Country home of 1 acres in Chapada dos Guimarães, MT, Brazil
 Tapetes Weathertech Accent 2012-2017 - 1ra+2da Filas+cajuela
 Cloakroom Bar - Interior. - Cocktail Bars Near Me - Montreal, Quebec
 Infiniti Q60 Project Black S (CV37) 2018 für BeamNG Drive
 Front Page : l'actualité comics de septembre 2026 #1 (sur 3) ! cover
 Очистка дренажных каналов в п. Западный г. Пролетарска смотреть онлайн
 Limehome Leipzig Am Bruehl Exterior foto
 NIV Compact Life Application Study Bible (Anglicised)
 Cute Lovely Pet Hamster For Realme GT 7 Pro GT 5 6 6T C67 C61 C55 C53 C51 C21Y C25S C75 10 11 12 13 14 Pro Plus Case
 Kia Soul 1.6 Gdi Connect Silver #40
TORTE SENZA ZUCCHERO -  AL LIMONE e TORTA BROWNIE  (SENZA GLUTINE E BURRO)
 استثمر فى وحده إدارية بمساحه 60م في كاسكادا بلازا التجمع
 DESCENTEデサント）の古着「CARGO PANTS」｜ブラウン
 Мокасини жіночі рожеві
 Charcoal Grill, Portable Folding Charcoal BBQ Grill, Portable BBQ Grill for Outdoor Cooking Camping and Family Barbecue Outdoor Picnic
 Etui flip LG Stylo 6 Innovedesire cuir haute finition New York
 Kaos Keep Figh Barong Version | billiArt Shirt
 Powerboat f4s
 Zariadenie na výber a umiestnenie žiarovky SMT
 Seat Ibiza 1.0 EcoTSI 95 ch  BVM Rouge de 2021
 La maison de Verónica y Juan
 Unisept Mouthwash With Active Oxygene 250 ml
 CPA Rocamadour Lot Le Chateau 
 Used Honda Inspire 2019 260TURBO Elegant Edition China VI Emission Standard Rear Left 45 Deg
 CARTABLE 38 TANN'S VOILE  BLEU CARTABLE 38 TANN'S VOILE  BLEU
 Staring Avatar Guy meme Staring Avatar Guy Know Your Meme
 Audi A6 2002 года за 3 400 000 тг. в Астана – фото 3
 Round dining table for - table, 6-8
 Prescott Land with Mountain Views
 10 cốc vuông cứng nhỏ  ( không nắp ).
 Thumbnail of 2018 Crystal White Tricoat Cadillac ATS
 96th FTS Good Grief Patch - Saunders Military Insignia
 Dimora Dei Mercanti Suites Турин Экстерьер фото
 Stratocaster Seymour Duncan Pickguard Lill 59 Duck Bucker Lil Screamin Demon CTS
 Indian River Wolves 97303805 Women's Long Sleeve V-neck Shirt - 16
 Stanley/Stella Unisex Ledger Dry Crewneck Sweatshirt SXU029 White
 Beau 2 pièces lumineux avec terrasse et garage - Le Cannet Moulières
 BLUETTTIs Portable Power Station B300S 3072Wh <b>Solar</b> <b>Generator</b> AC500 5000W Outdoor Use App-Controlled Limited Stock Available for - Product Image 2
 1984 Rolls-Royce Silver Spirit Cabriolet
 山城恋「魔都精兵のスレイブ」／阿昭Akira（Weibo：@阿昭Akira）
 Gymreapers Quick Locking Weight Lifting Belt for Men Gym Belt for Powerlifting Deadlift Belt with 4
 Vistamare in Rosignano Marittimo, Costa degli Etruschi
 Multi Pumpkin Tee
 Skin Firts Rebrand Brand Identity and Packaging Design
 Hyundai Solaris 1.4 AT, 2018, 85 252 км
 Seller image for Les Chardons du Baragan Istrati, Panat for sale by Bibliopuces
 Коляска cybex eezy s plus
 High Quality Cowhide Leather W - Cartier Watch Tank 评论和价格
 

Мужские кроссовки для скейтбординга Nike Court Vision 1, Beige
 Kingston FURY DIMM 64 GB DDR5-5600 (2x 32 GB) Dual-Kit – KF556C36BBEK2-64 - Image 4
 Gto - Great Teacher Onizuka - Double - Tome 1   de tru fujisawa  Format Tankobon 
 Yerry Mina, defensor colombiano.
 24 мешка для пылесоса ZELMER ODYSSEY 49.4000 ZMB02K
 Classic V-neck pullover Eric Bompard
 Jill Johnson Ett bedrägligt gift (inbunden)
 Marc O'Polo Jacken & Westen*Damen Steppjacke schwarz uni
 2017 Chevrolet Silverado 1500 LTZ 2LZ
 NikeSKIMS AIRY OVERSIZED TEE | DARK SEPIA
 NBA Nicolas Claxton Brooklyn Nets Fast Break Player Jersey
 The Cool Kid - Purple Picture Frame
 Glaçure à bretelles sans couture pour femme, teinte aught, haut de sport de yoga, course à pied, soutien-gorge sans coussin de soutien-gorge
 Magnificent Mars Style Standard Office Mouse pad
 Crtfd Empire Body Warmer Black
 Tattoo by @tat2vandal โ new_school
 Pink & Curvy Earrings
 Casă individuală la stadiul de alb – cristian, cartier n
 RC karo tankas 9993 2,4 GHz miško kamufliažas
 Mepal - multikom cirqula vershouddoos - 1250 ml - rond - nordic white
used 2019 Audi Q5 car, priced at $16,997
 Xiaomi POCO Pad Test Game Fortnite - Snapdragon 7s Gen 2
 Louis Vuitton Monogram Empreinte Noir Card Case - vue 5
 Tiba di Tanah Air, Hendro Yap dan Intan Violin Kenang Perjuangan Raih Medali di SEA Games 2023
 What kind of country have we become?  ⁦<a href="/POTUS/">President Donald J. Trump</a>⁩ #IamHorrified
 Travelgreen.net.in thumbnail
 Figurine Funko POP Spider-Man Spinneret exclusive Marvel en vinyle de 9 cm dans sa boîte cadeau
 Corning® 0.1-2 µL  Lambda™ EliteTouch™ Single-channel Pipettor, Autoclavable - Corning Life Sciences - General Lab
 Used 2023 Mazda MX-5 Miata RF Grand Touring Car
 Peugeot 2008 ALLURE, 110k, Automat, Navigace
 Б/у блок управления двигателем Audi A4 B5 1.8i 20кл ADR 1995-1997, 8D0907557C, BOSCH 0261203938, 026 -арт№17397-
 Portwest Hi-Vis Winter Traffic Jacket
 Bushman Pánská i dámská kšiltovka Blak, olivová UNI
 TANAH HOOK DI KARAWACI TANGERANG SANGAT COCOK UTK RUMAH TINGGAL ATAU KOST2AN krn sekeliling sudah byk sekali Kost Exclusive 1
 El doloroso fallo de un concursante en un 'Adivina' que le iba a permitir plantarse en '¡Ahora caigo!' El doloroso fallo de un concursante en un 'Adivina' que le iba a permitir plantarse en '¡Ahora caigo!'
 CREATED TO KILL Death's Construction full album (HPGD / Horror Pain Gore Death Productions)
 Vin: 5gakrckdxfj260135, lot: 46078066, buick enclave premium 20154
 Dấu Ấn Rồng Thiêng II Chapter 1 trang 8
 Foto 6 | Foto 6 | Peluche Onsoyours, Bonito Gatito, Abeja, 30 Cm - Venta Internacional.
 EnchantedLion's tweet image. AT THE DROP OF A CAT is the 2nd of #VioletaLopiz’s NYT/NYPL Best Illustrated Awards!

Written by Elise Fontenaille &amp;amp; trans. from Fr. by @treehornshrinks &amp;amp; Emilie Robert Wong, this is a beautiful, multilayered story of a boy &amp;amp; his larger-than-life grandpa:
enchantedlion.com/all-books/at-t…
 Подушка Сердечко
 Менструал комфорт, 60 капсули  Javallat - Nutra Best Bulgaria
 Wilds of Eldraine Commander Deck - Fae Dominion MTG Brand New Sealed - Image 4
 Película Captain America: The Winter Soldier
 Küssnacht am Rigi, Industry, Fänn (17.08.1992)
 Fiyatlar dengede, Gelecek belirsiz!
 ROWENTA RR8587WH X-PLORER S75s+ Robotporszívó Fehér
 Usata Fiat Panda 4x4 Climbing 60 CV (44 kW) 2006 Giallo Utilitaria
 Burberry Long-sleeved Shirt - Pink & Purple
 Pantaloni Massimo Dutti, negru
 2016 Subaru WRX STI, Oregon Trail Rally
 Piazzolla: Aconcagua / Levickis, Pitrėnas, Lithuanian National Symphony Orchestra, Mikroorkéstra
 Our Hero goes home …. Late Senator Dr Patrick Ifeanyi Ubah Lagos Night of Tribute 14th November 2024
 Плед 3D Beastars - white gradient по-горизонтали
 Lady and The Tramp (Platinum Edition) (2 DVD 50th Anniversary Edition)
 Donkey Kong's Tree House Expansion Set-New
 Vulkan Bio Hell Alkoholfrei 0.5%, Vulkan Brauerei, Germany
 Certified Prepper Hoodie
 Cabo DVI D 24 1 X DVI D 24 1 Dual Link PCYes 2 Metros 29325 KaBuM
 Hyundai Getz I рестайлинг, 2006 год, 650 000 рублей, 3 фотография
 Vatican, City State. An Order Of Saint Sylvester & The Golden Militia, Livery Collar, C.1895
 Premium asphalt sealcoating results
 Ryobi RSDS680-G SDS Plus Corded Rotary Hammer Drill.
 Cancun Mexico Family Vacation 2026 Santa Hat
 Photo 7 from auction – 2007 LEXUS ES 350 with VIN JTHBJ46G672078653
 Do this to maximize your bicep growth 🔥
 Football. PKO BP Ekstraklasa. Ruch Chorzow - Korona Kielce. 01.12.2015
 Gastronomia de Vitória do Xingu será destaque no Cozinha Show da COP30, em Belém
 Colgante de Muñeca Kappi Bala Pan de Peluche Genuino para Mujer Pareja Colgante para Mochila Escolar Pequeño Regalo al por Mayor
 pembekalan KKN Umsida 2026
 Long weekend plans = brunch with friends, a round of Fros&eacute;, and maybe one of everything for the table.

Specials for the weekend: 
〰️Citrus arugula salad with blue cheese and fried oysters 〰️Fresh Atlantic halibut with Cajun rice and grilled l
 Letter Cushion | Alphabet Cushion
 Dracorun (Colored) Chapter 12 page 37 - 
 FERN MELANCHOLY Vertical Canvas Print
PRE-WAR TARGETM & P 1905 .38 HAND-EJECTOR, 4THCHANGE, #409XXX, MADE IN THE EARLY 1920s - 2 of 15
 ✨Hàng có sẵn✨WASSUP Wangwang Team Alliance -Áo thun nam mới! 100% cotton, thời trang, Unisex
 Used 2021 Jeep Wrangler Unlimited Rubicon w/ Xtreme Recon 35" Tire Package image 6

- [Task statement]: Repeat only what runs from the line holding "Burberry Long-sleeved Shirt - Pink & Purple" to the end of the data, keeping every line exactly as written, first and last included.

- [Written response]:
 Burberry Long-sleeved Shirt - Pink & Purple
 Pantaloni Massimo Dutti, negru
 2016 Subaru WRX STI, Oregon Trail Rally
 Piazzolla: Aconcagua / Levickis, Pitrėnas, Lithuanian National Symphony Orchestra, Mikroorkéstra
 Our Hero goes home …. Late Senator Dr Patrick Ifeanyi Ubah Lagos Night of Tribute 14th November 2024
 Плед 3D Beastars - white gradient по-горизонтали
 Lady and The Tramp (Platinum Edition) (2 DVD 50th Anniversary Edition)
 Donkey Kong's Tree House Expansion Set-New
 Vulkan Bio Hell Alkoholfrei 0.5%, Vulkan Brauerei, Germany
 Certified Prepper Hoodie
 Cabo DVI D 24 1 X DVI D 24 1 Dual Link PCYes 2 Metros 29325 KaBuM
 Hyundai Getz I рестайлинг, 2006 год, 650 000 рублей, 3 фотография
 Vatican, City State. An Order Of Saint Sylvester & The Golden Militia, Livery Collar, C.1895
 Premium asphalt sealcoating results
 Ryobi RSDS680-G SDS Plus Corded Rotary Hammer Drill.
 Cancun Mexico Family Vacation 2026 Santa Hat
 Photo 7 from auction – 2007 LEXUS ES 350 with VIN JTHBJ46G672078653
 Do this to maximize your bicep growth 🔥
 Football. PKO BP Ekstraklasa. Ruch Chorzow - Korona Kielce. 01.12.2015
 Gastronomia de Vitória do Xingu será destaque no Cozinha Show da COP30, em Belém
 Colgante de Muñeca Kappi Bala Pan de Peluche Genuino para Mujer Pareja Colgante para Mochila Escolar Pequeño Regalo al por Mayor
 pembekalan KKN Umsida 2026
 Long weekend plans = brunch with friends, a round of Fros&eacute;, and maybe one of everything for the table.

Specials for the weekend: 
〰️Citrus arugula salad with blue cheese and fried oysters 〰️Fresh Atlantic halibut with Cajun rice and grilled l
 Letter Cushion | Alphabet Cushion
 Dracorun (Colored) Chapter 12 page 37 - 
 FERN MELANCHOLY Vertical Canvas Print
PRE-WAR TARGETM & P 1905 .38 HAND-EJECTOR, 4THCHANGE, #409XXX, MADE IN THE EARLY 1920s - 2 of 15
 ✨Hàng có sẵn✨WASSUP Wangwang Team Alliance -Áo thun nam mới! 100% cotton, thời trang, Unisex
 Used 2021 Jeep Wrangler Unlimited Rubicon w/ Xtreme Recon 35" Tire Package image 6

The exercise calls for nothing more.